Pour Carl Rogers, l’empathie, ou la compréhension empathique, « consiste en la perception correcte du cadre de référence d’autrui »(Psychothérapie et relations humaines. (1962) Vol. 1, p. 197). Dès lors, dans le cadre de la question de l’éthique de la technique, parler d’empathie envers les objets techniques signifierait « percevoir correctement le cadre de référence de l’individu technique ». Il me semble d’ailleurs que cela pourrait être une bonne définition de ce que l’on attend d’un ingénieur.
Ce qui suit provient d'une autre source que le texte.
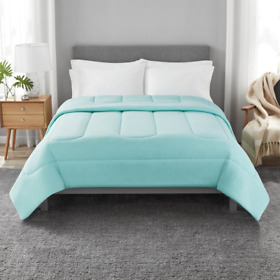 Ms8105771522-43 Mainstays Jersey Knit Comforter Full Queen Mint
Allant dans le sens de la définition proposée par Carl Rogers, Vincent Bontemps, dans son article « L’éthique de la technique chez Simondon et Gonseth » [1], soutient que la question de l’éthique de la technique est mal appréhendée tant que l’on n’a pas posé la question d’un « référentiel éthique ». L’hypothèse d’un tel référentiel est envisagé par analogie avec le référentiel scientifique, ce qui fait dire à Gonseth qu’il est impossible « qu’un homme fasse, sans se mettre en péril, l’économie de tout référentiel moral ».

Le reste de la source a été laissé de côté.